*** EXTRACTED ENTRIES Section Begins ***

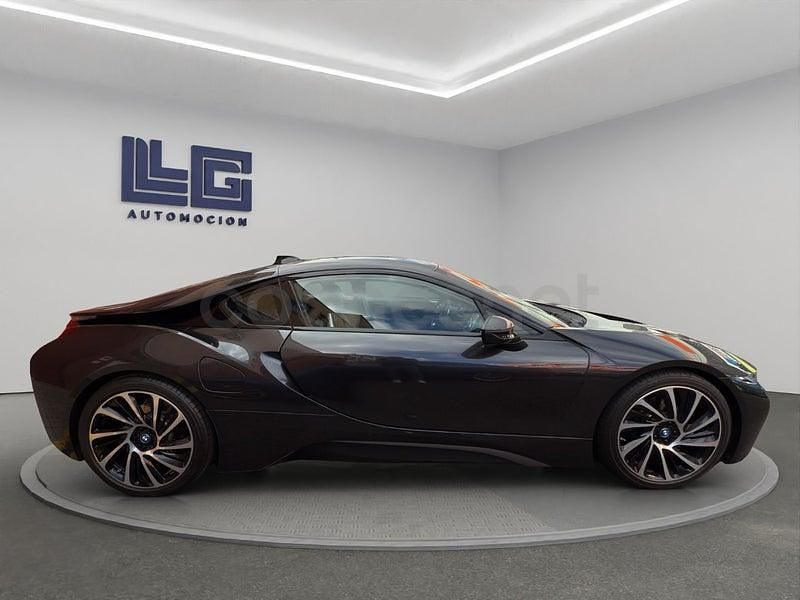 Käytetty BMW i8 362 HP (266 kW) 2017 Musta Coupe - kaksiovinen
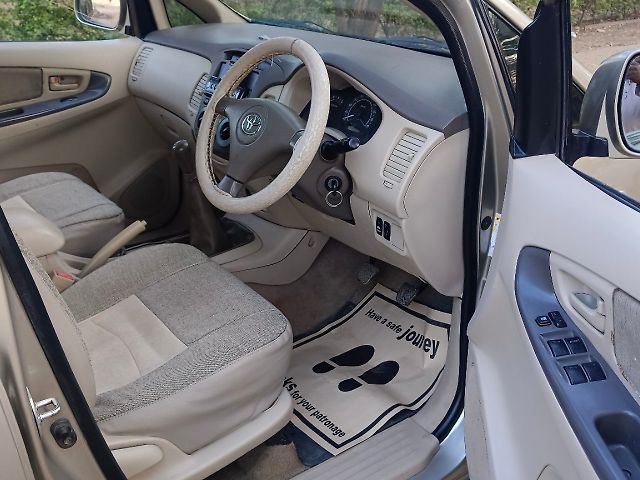 Used Toyota Innova [2005-2009] 2.5 G4 7 STR in Satara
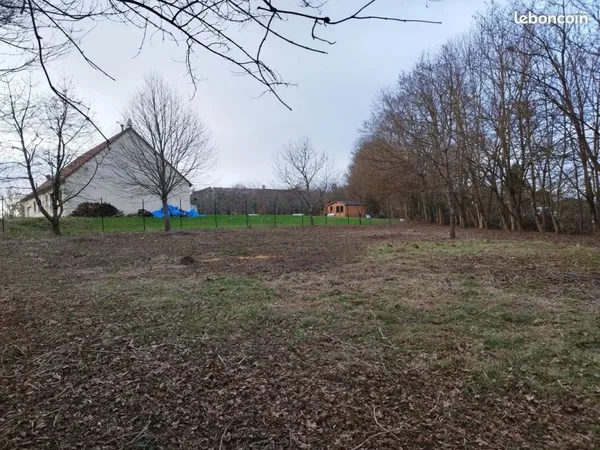 Terrain à bâtir de 1500m²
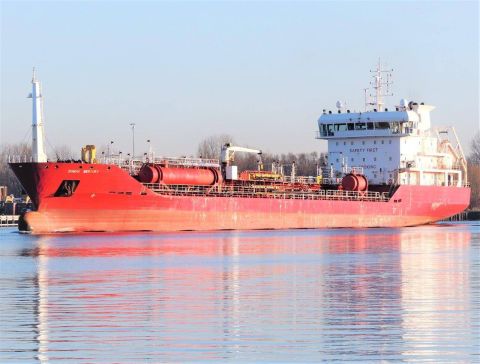 BOMAR MERCURY in IJmuiden, 5 dec 2016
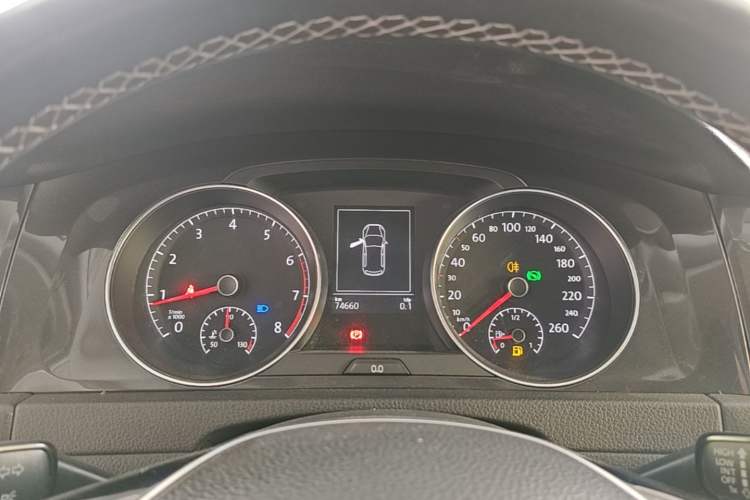 Used Volkswagen Golf 2017 230TSI Automatic Comfort Edition – Celebrating Milestone of One Million Units Instrument Cluster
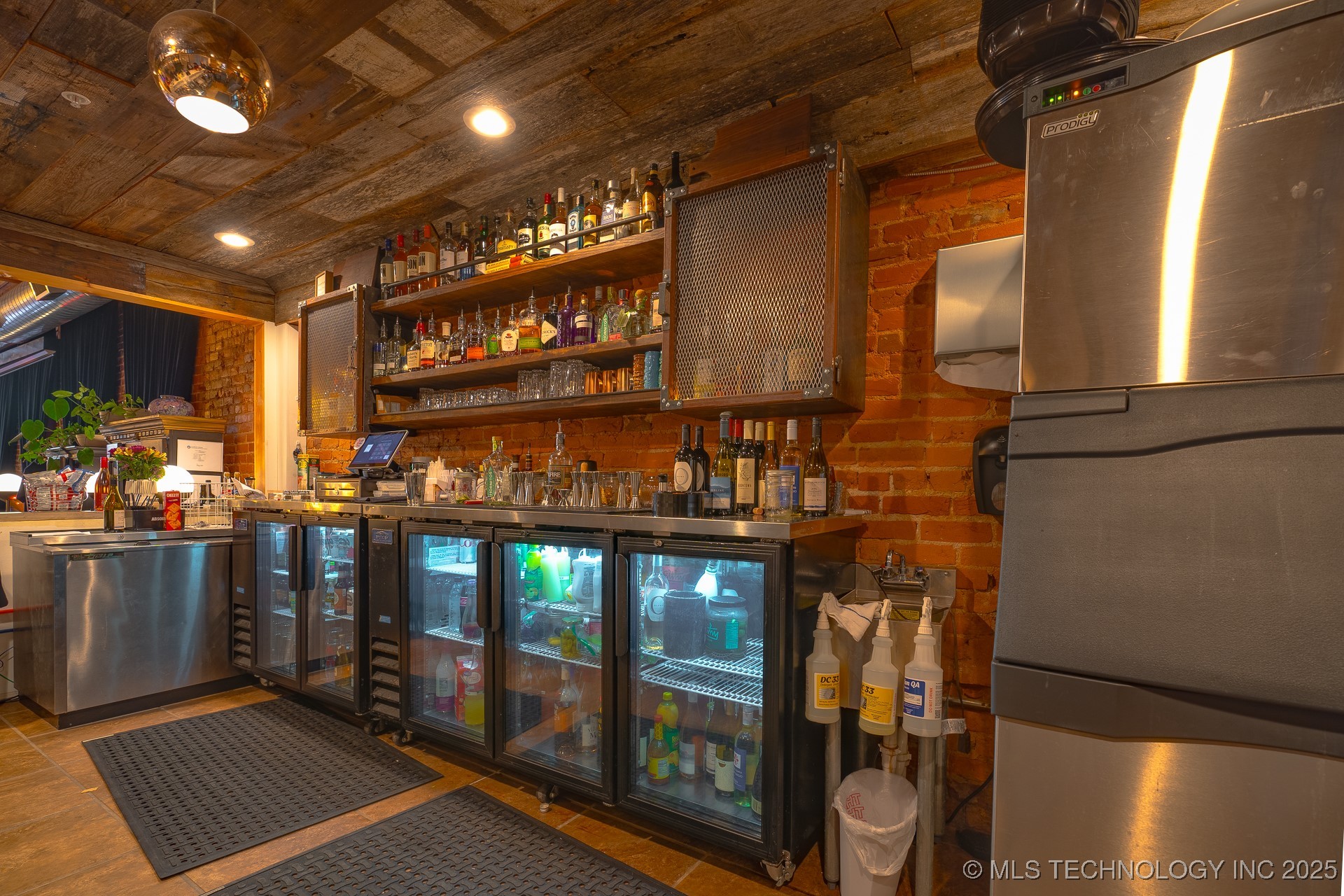221 W Main Tishomingo OK 73460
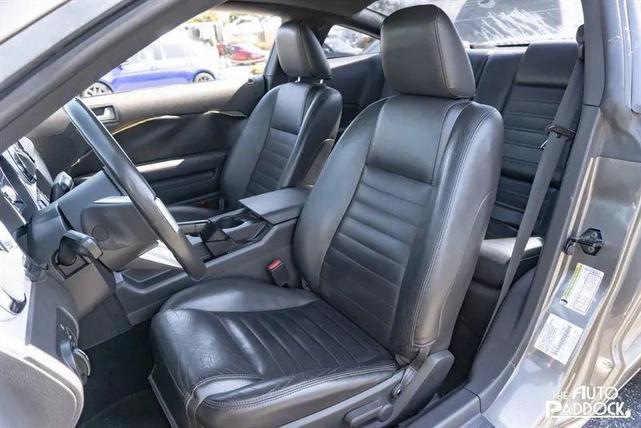 Photo of 2005 Mineral Grey Metallic Ford Mustang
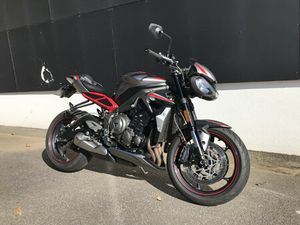 TRIUMPH STREET TRIPLE 675 R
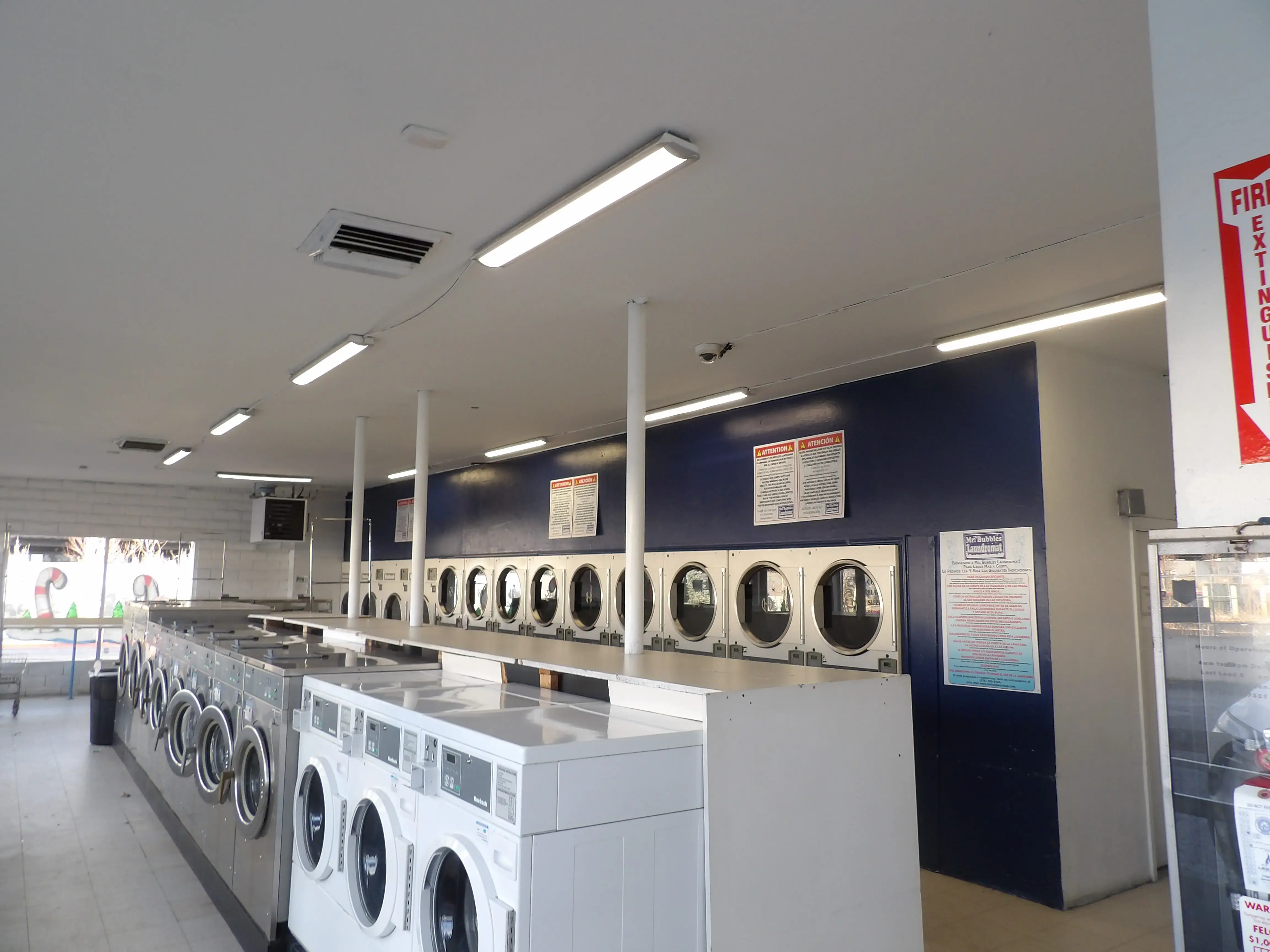 Mr. Bubbles Laundromat Grove - Image 2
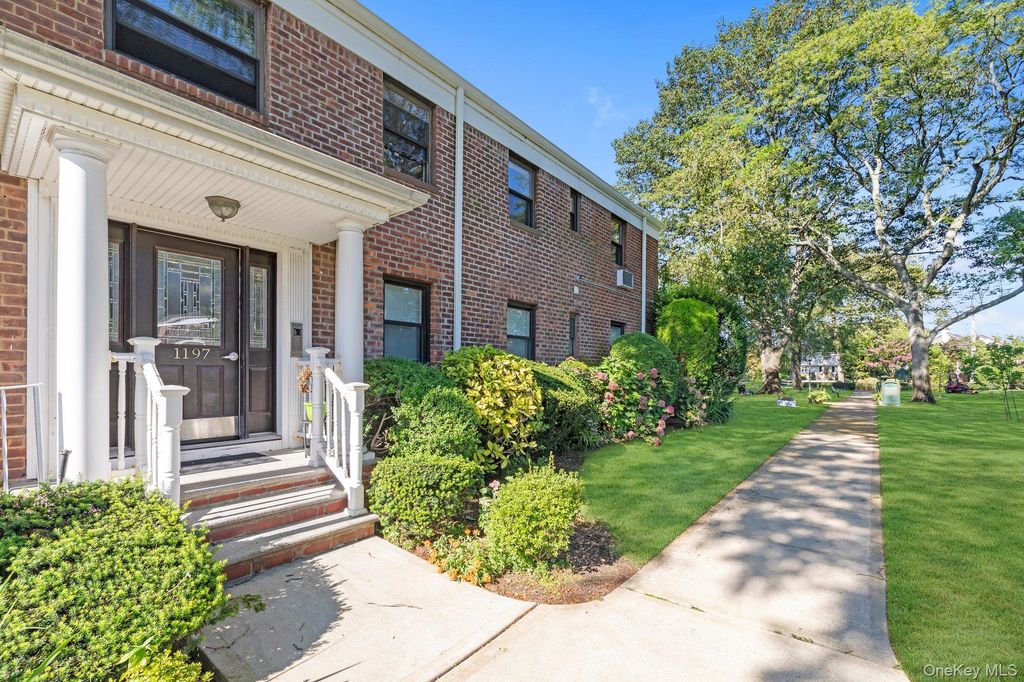 1197 E broadway K24, Hewlett, NY 11557 — exterior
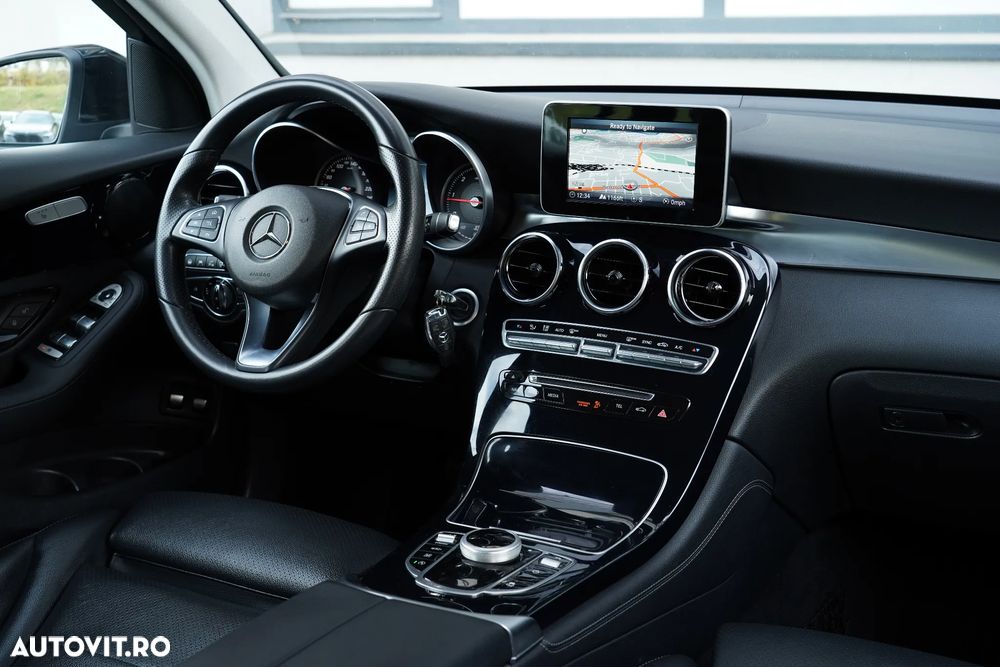 Mercedes-Benz GLC 250 d 4Matic 9G-TRONIC AMG Line - 14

*** EXTRACTED ENTRIES Section Ends ***

YOUR TASK: The copy you produce must match the entries above exactly, except that it has no pictures.

COMPLETED EXERCISE:
 Käytetty BMW i8 362 HP (266 kW) 2017 Musta Coupe - kaksiovinen
 Used Toyota Innova [2005-2009] 2.5 G4 7 STR in Satara
 Terrain à bâtir de 1500m²
 BOMAR MERCURY in IJmuiden, 5 dec 2016
 Used Volkswagen Golf 2017 230TSI Automatic Comfort Edition – Celebrating Milestone of One Million Units Instrument Cluster
221 W Main Tishomingo OK 73460
 Photo of 2005 Mineral Grey Metallic Ford Mustang
 TRIUMPH STREET TRIPLE 675 R
 Mr. Bubbles Laundromat Grove - Image 2
 1197 E broadway K24, Hewlett, NY 11557 — exterior
 Mercedes-Benz GLC 250 d 4Matic 9G-TRONIC AMG Line - 14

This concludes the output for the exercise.